- _What the exercise asks_: Every entry below must be transcribed word for word, and the images must be left out.

Start of Data to use

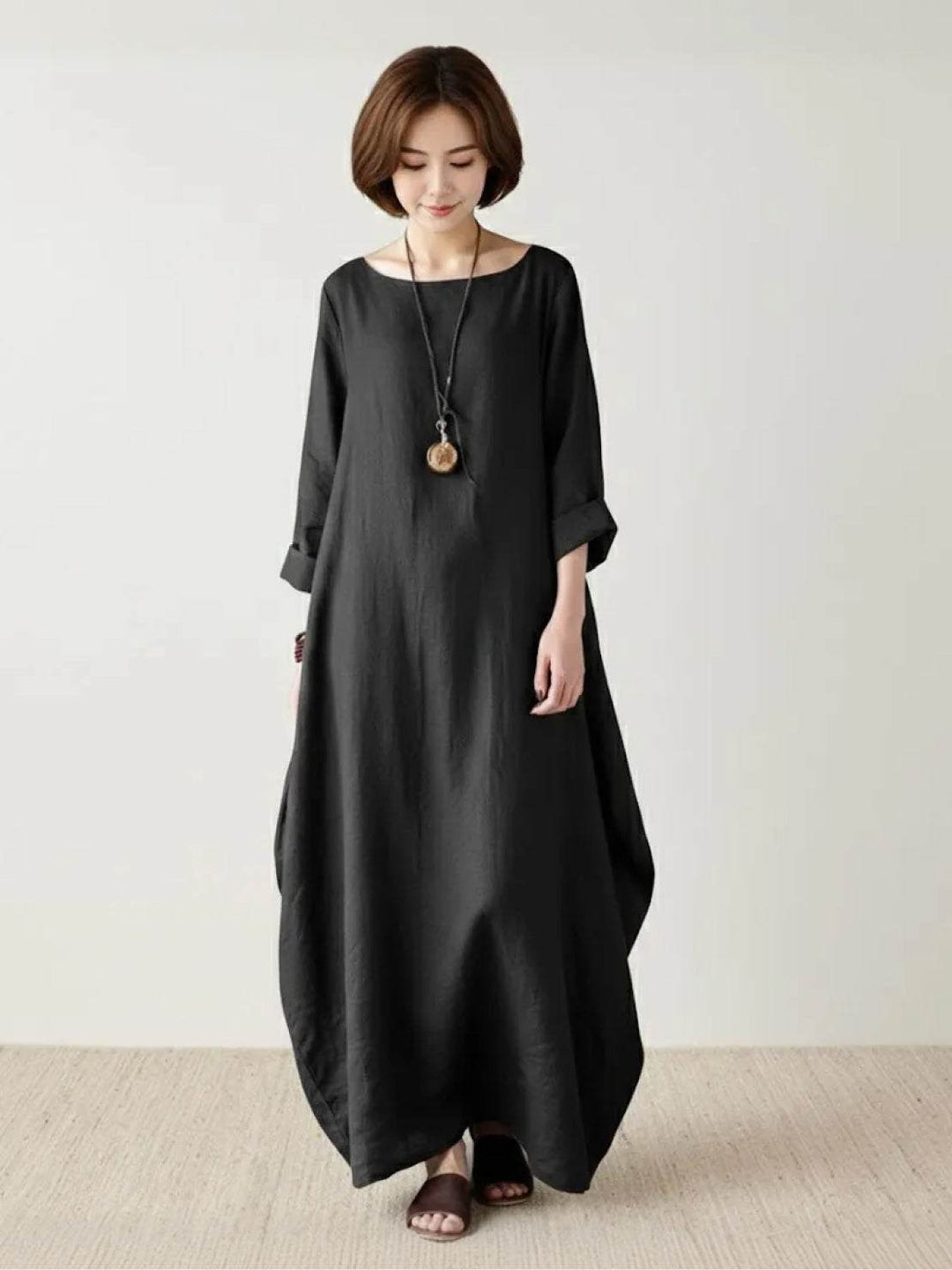 Serena | Kvinders Oversized Boho Maxi Kjole med 3/4 Ærmer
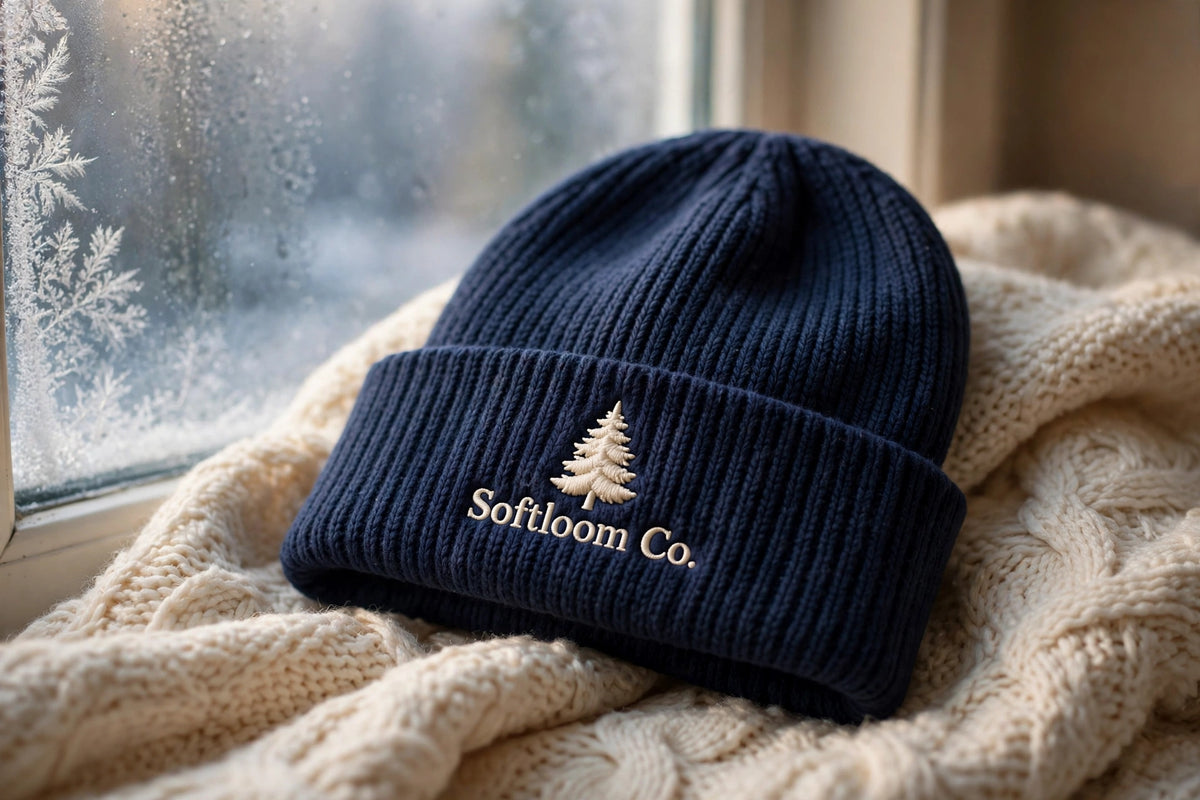 Tuque à revers brodée - Marine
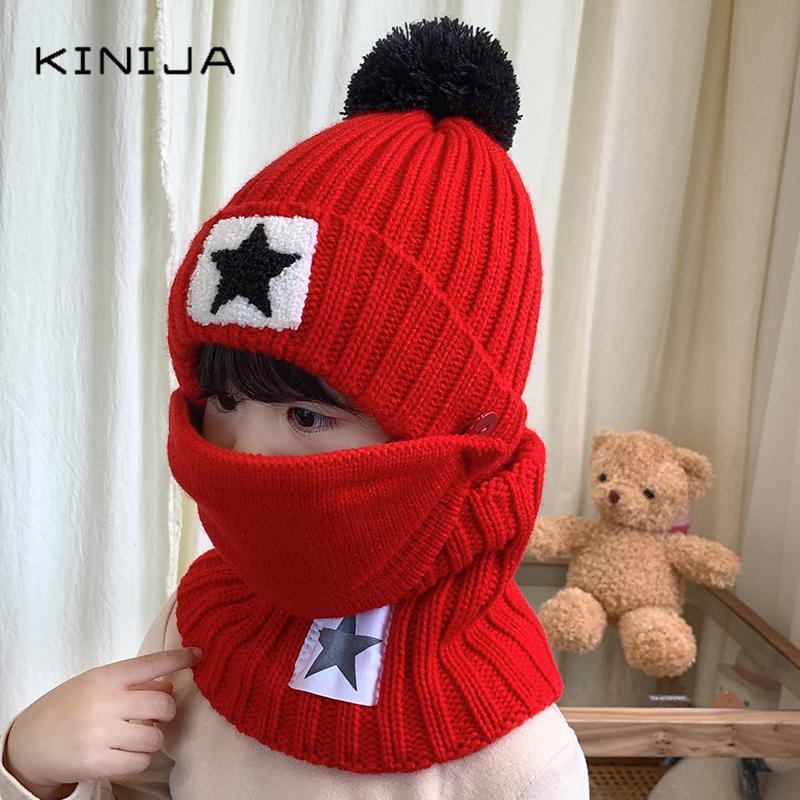3 Mùa Đông Cho Bé Skullies Bò Mũ Khăn Miệng Mặt Nạ Dệt Kim Trang Trượt Tuyết Ngoài Trời Mũ Pompom Bé Gái Bé Trai Trẻ Em Mặt giữ Ấm Bộ
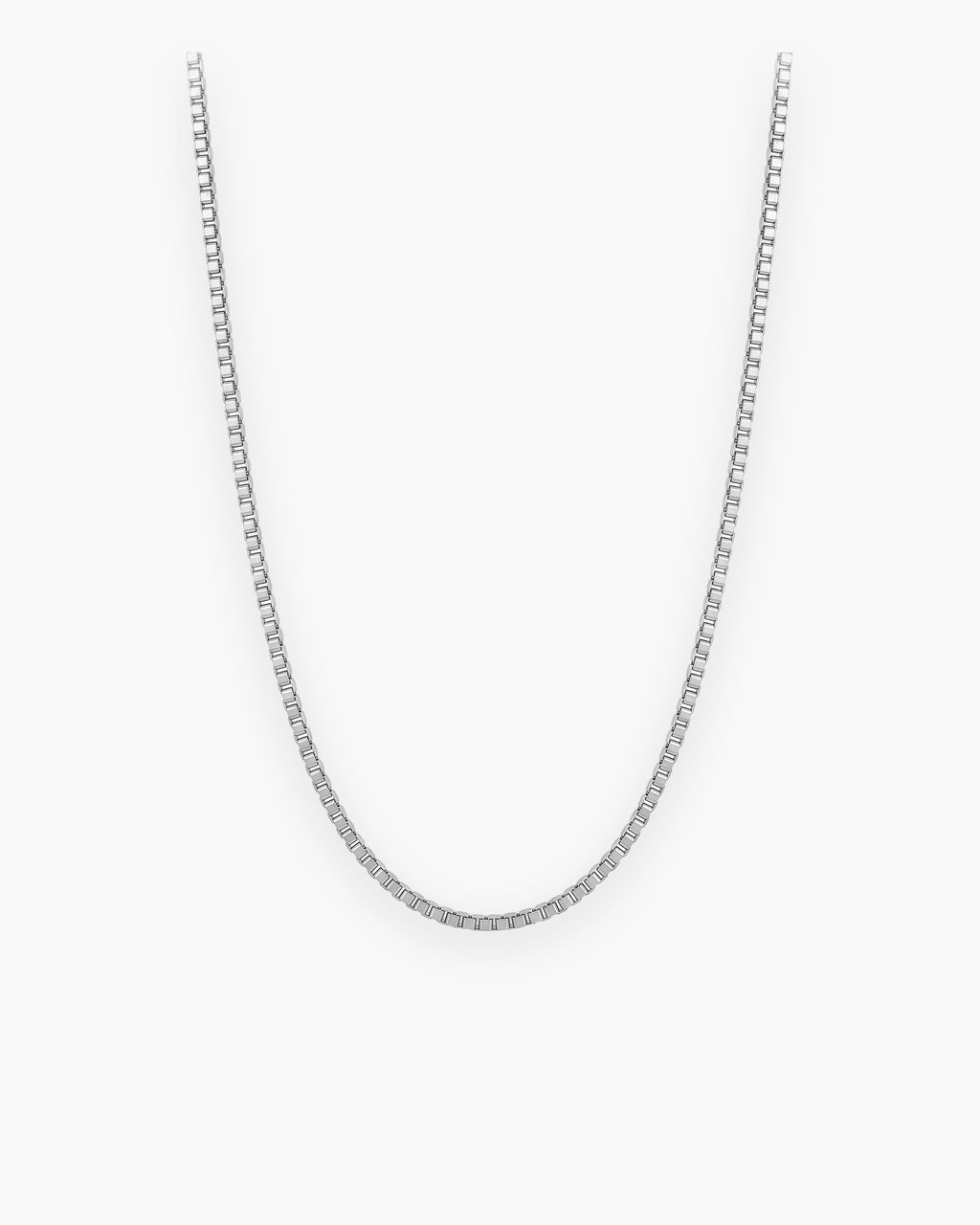 Atlas box chain with extender in silver stainless steel [c:silver]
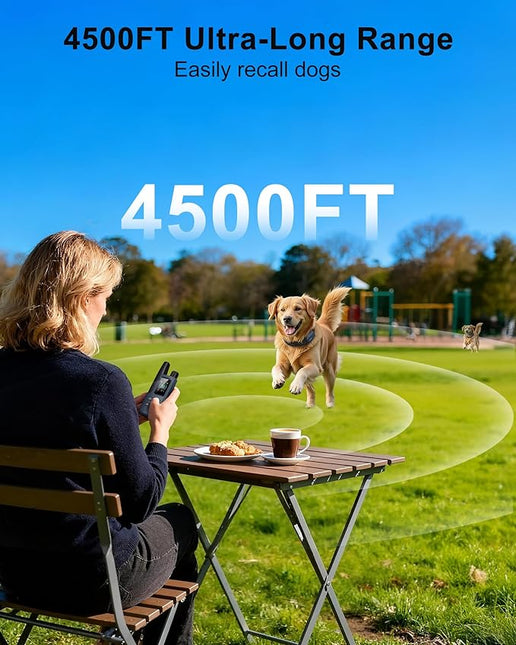 Dog Shock Collar - 4500FT Dog Training Collar with Remote, IPX8 Waterproof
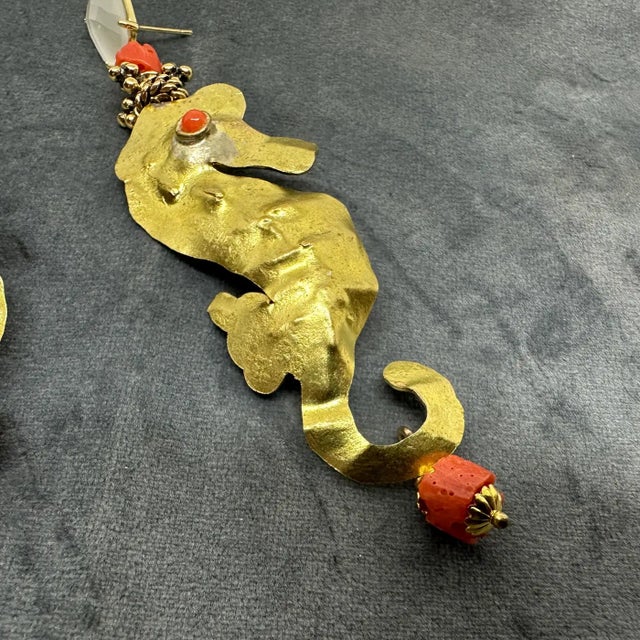 21st Century Hammered Brass and Mediterranean Coral Seahorse Dangle Earrings For Sale - Image 9 of 9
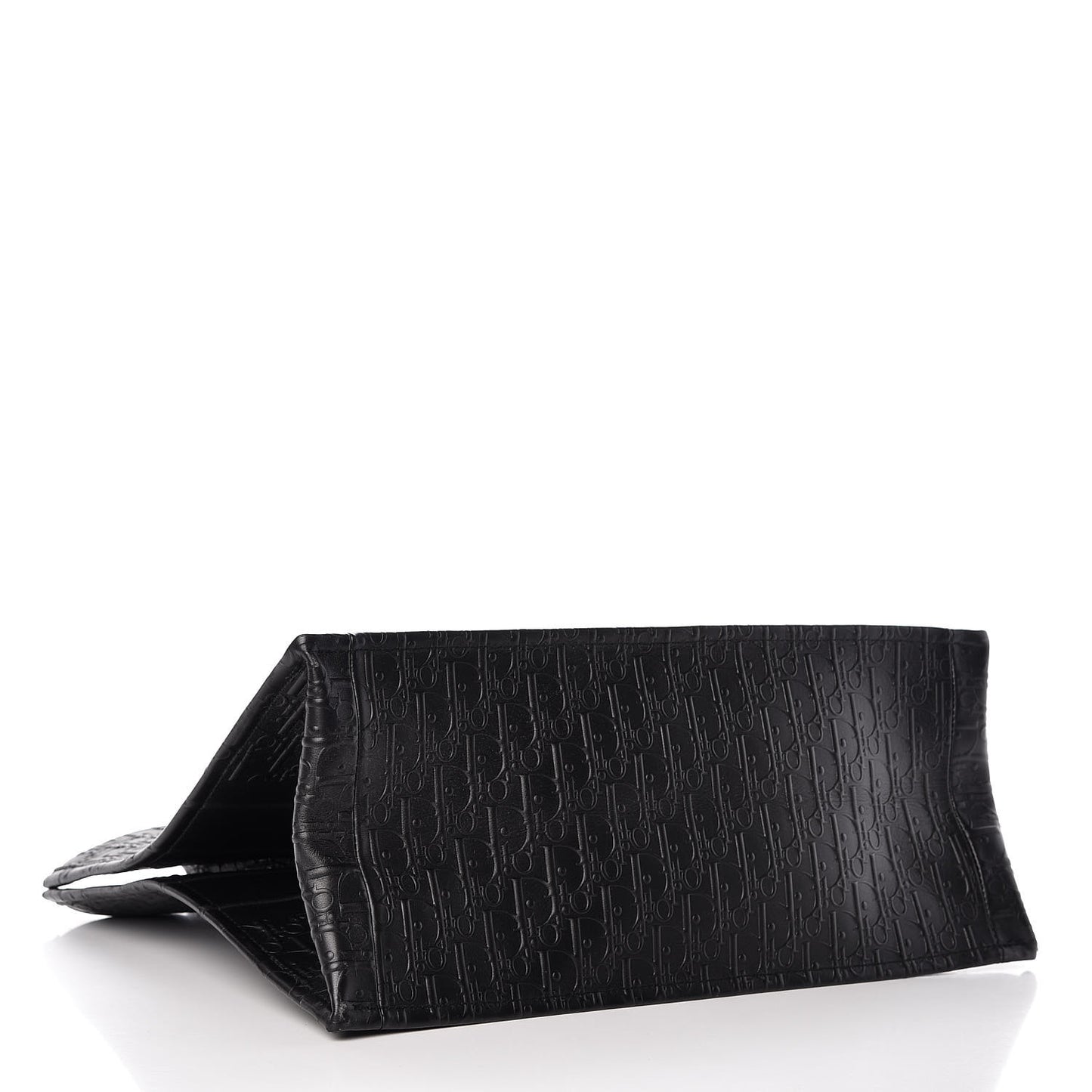 Oblique Calfskin Embossed Book Tote Black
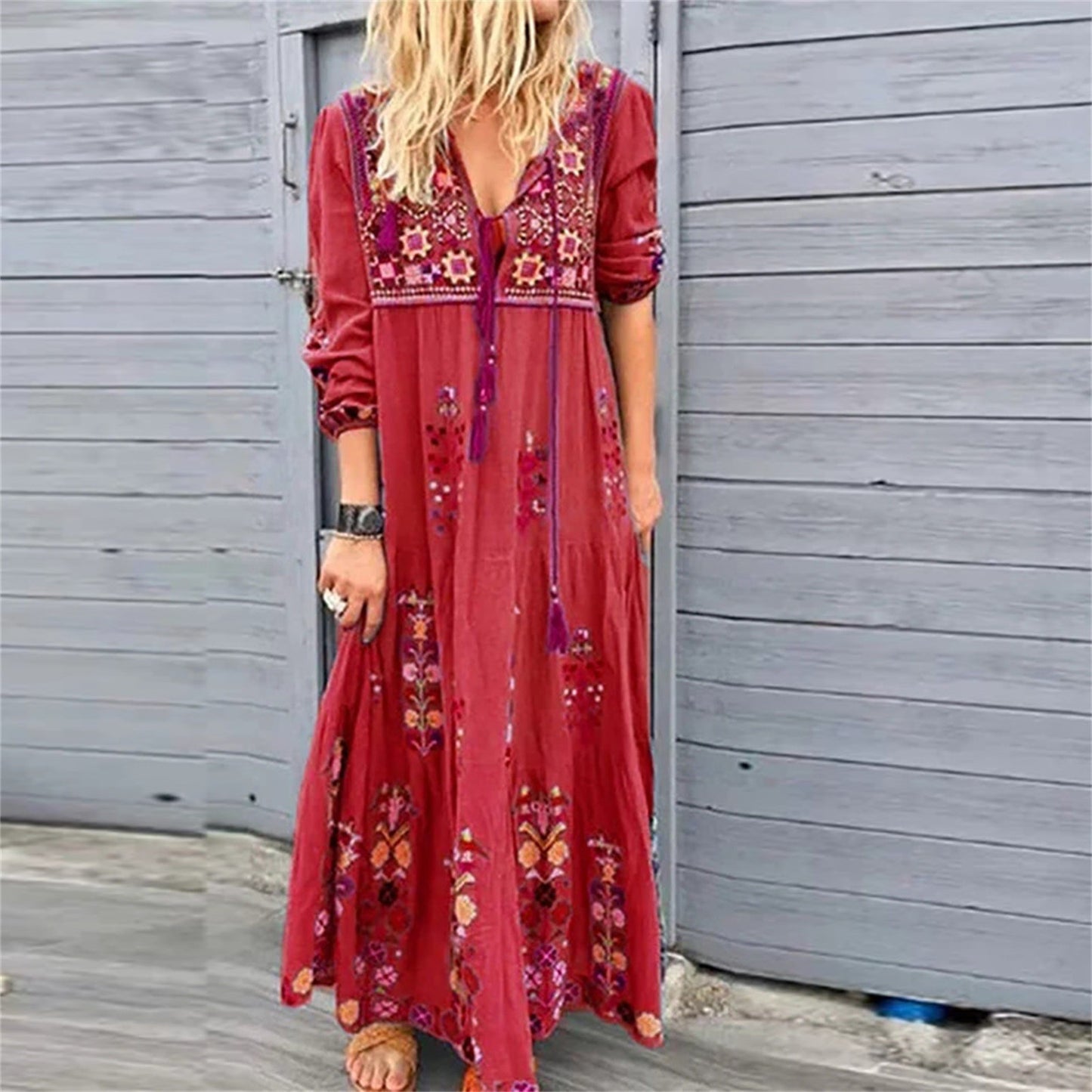 Fashion Vintage Ethnic Style Printed Long Dresses Long Sleeved Boho Beach Holid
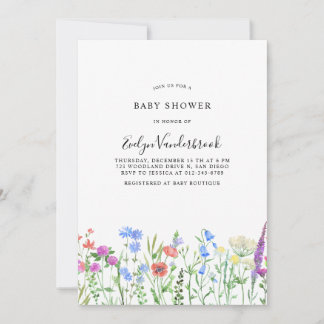 Kleurrijke wilde bloem baby shower viering kaart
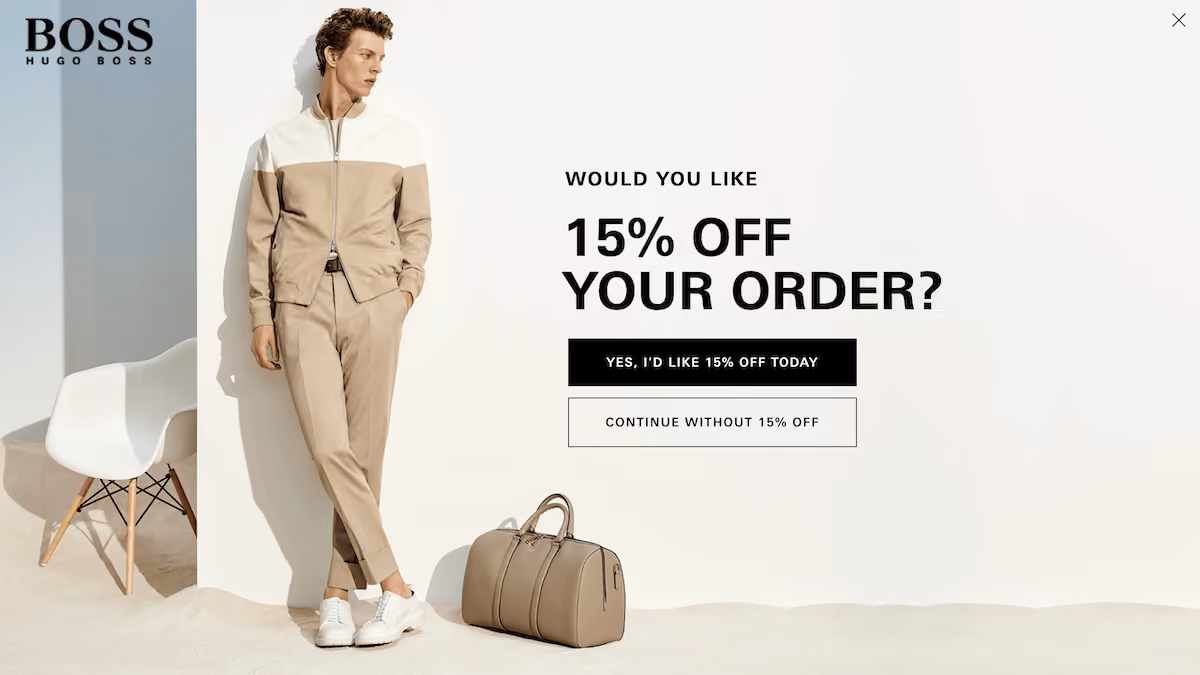 Hugo Boss' Full Screen Popup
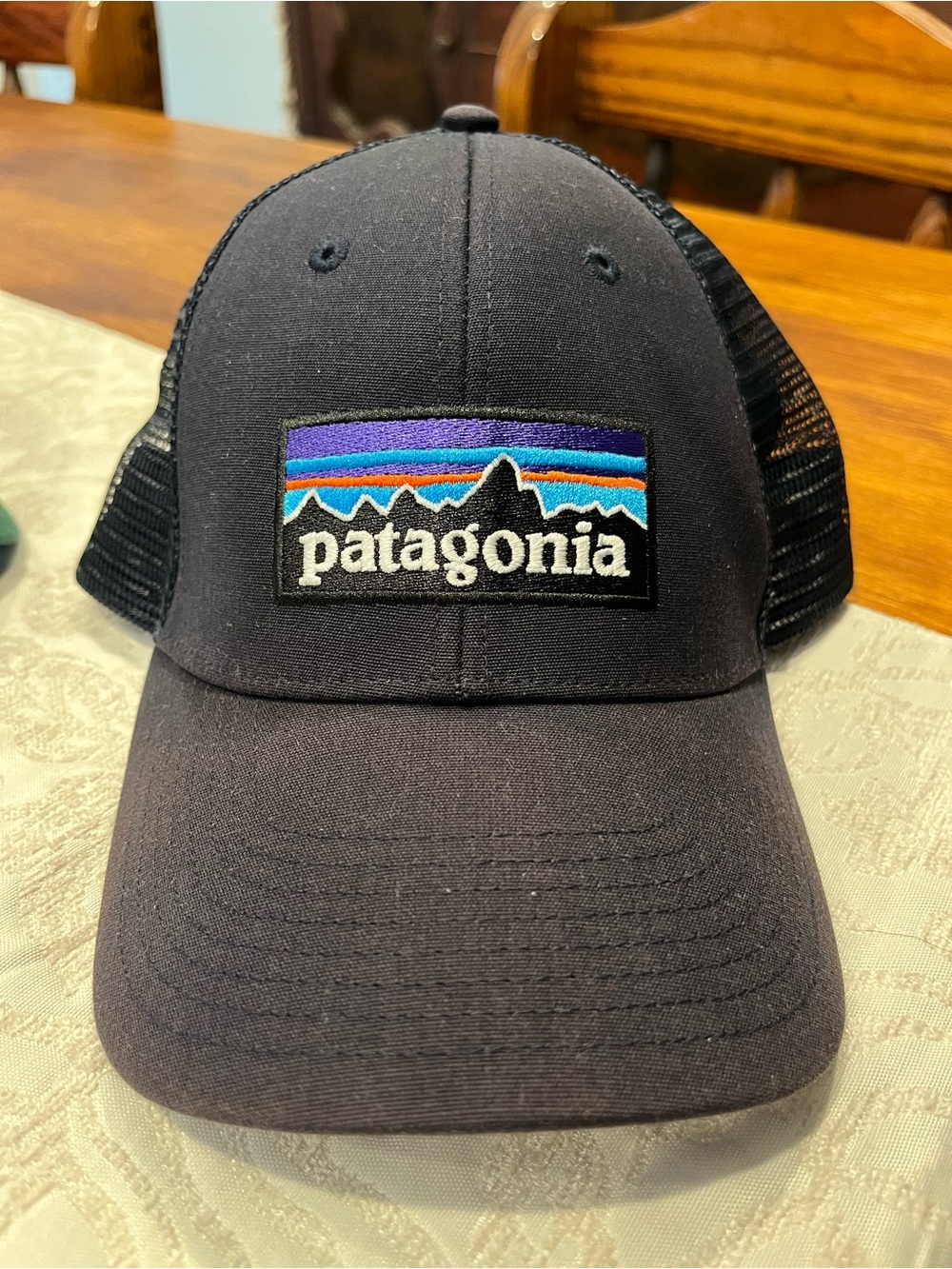 Patagonia Kids Navy Patch Trucker Hat with Multicolor Logo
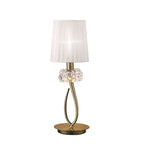 M4637AB/WS Loewe Table Lamp 1 Light E14 Small Antique Brass White Shade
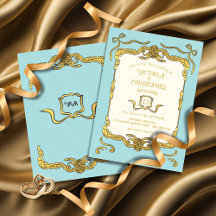 Barocke Regency-Attrappe Gold Blaues Band Hochzeit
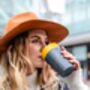 Leak Proof Reusable Cup 8oz Black And Electric Mustard, thumbnail 1 of 6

End of Data to use

- _Response to the task_:
 Serena | Kvinders Oversized Boho Maxi Kjole med 3/4 Ærmer
 Tuque à revers brodée - Marine
3 Mùa Đông Cho Bé Skullies Bò Mũ Khăn Miệng Mặt Nạ Dệt Kim Trang Trượt Tuyết Ngoài Trời Mũ Pompom Bé Gái Bé Trai Trẻ Em Mặt giữ Ấm Bộ
 Atlas box chain with extender in silver stainless steel [c:silver]
 Dog Shock Collar - 4500FT Dog Training Collar with Remote, IPX8 Waterproof
 21st Century Hammered Brass and Mediterranean Coral Seahorse Dangle Earrings For Sale - Image 9 of 9
 Oblique Calfskin Embossed Book Tote Black
 Fashion Vintage Ethnic Style Printed Long Dresses Long Sleeved Boho Beach Holid
 Kleurrijke wilde bloem baby shower viering kaart
 Hugo Boss' Full Screen Popup
 Patagonia Kids Navy Patch Trucker Hat with Multicolor Logo
 M4637AB/WS Loewe Table Lamp 1 Light E14 Small Antique Brass White Shade
 Barocke Regency-Attrappe Gold Blaues Band Hochzeit
 Leak Proof Reusable Cup 8oz Black And Electric Mustard, thumbnail 1 of 6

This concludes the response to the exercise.